Nuclear energy, is much less a PR device to win over “hierarchical” and “individualist” opponents to the policies necessary to stem global warming, than the only solution we have at our fingertips that would allow us to contain on the our impact on the planet without abandoning the majority of human beings that would be imperiled were our technological civilization to be abruptly unplugged. This is the conclusion not of technological junkies, but of deep environmentalist such as the revered James Lovelock.

Klein thinks the right will be unmoved by the kind of environmental genocide unleashed by allowing climate change to run its course.

As the world warms, the reigning ideology that tells us it’s everyone for themselves, that victims deserve their fate, that we can master nature, will take us to a very cold place indeed. And it will only get colder, as theories of racial superiority, barely under the surface in parts of the denial movement, make a raging comeback. These theories are not optional: they are necessary to justify the hardening of hearts to the largely blameless victims of climate change in the global South, and in predominately African-American cities like New Orleans.

Oddly enough, this critique exactly mirrors what some on the right (with a good deal of justification) see as the callousness of radical environmentalism which recognizes the potential human cost of jettisoning technological civilization in the midst of 9 billion people alive on earth.

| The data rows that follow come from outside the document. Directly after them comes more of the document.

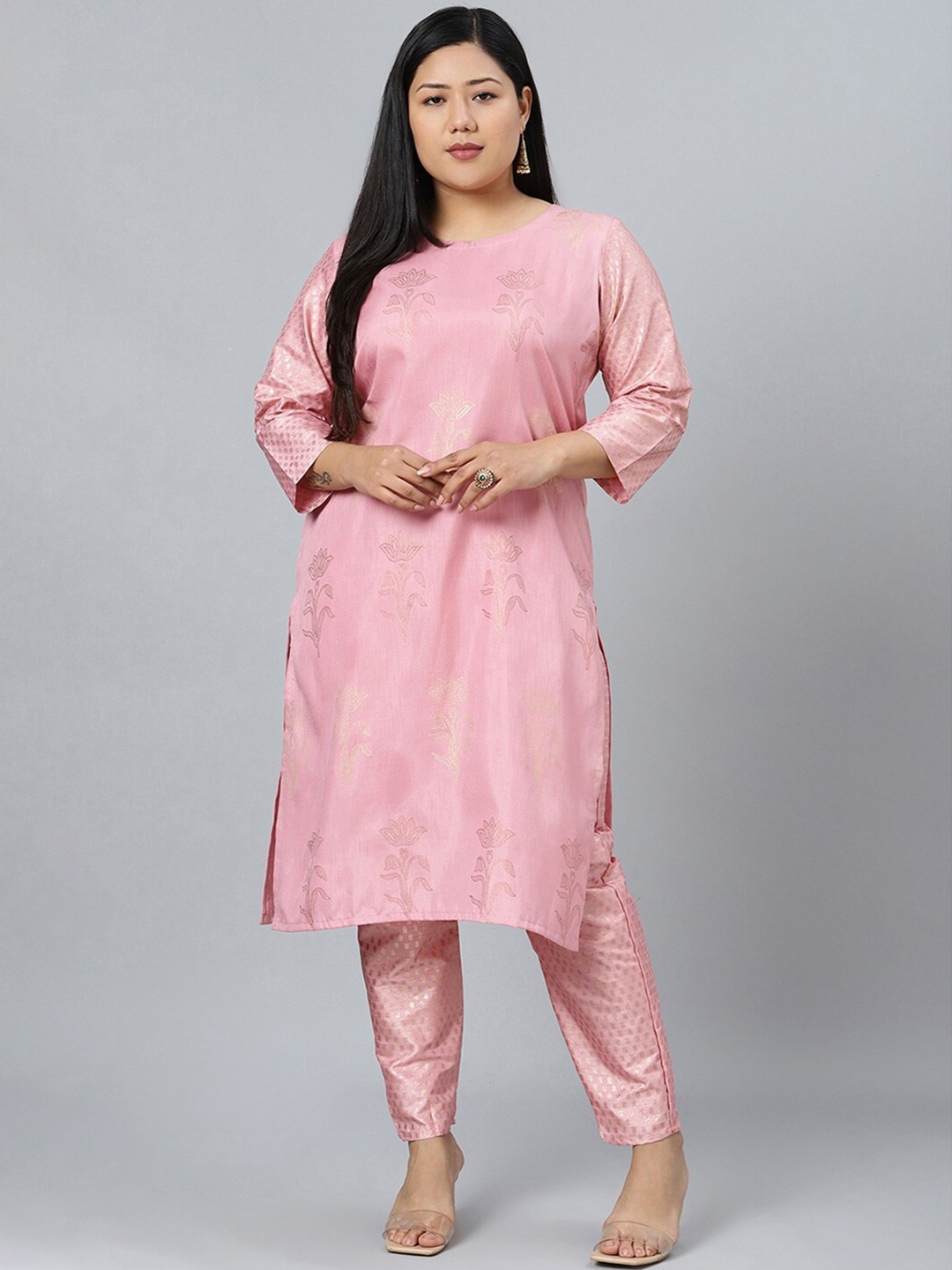 

curveZI by Ziyaa Floral Printed Kurta with Trousers, Pink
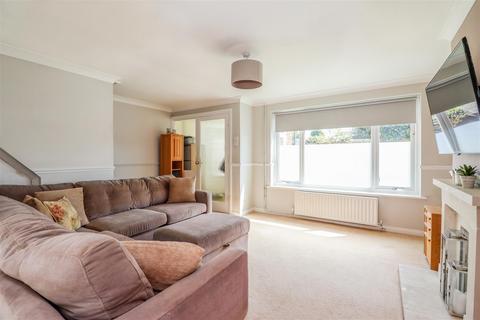 7 Beech Road, Horsham, RH12 4NR
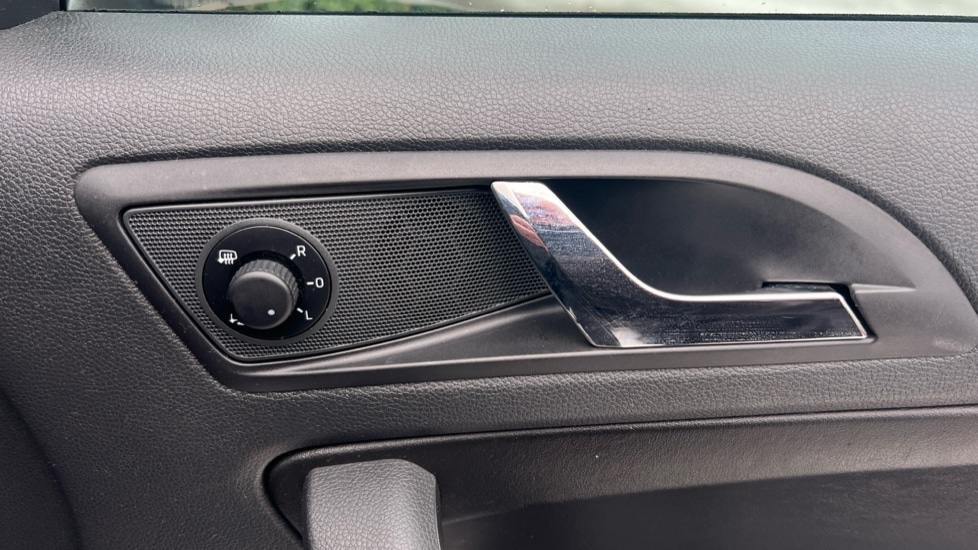 Used Skoda Yeti 2015 for sale - 76393614: Photo 36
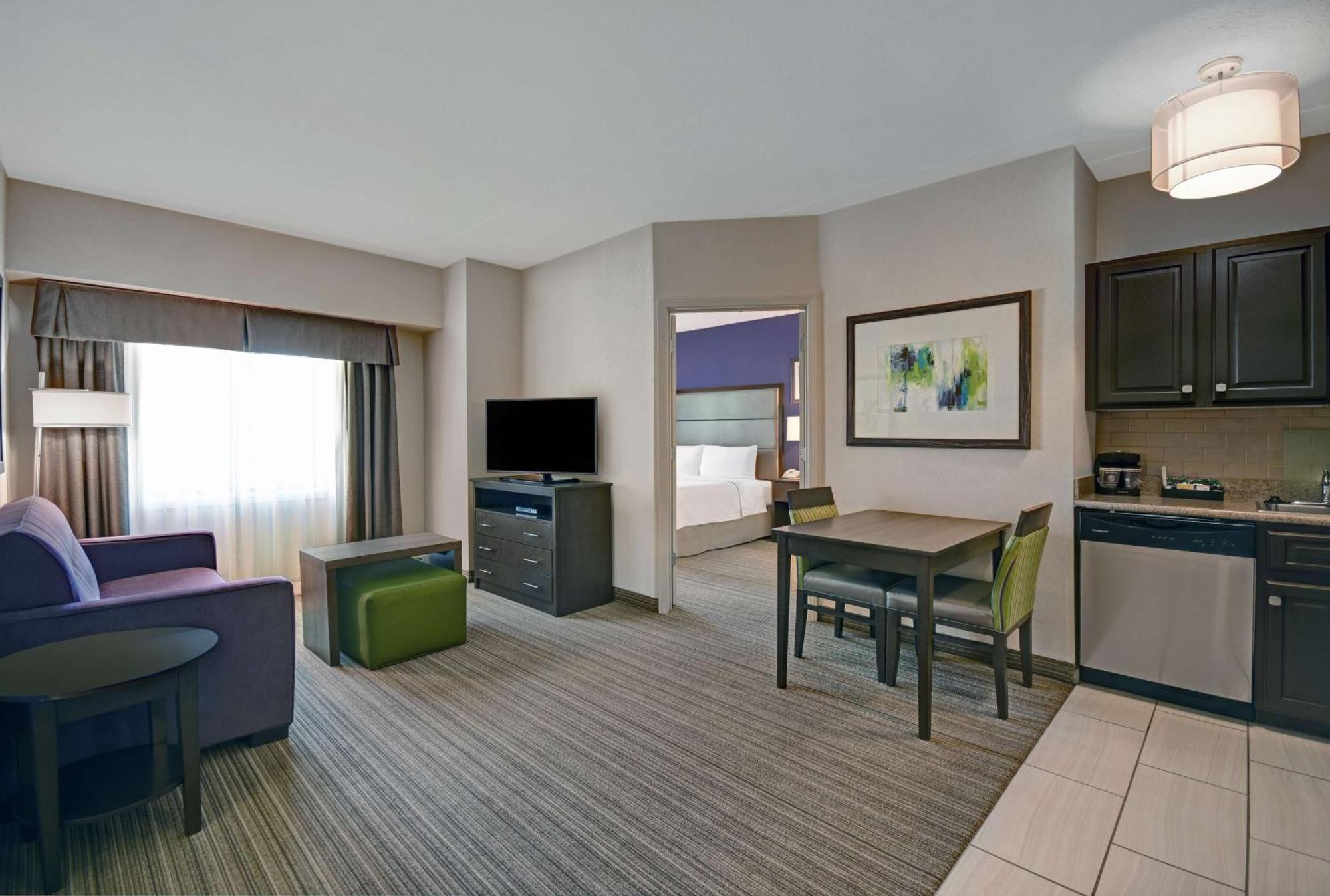 โฮมวูด สวีท บาย ฮิลตัน อีตันทาวน์ Hotel ภายนอก รูปภาพ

To quote perhaps the most famous radical environmentalist- Ted Kaczynski- better know as the “Unibomber”.

For those who realize the need to do away with the techno-industrial system, if you work for its collapse, in effect you are killing a lot of people. If it collapses, there is going to be mass starvation, there aren’t going to be any more spare parts or fuel for farm equipment, there won’t be any more pesticide or fertilizer on which modern agriculture is dependent. So there isn’t going to be enough food to go around, so then what happens. This is something, that as far as I’ve read, I haven’t seen any radicals facing up to.

Far from abandoning the world’s poor to the ravages of climate on the basis of an atavistic racism, the spread of Christianity, perhaps detrimental in any other ways, may make such coldness less not more likely from the right than from the left. This, after all, is what happened in the best (perhaps only) example of a localized, Third World climate crisis that we know- in Darfur- where developed world Christians were the loudest voice is bringing an end to the slaughter.  The world is a complicated place, and any ideology- left or right- blinds us to the opportunities and dangers in its complexity.

Given the scale of the change in human living that will be required to mitigate the impact of not just global warming, but the Anthopocence more generally, Klein misses the fact that the most necessary allies for such a change, are exactly the ones that the left will find so difficult to deal with (and for many good reasons) that is the religious. After all, from both a humanist and a religious perspective what is required is nothing less than a spiritual revolution in how humanity relates to nature, even if we have to take the fight politically for those who can not, or refuse to see, the dangers we face.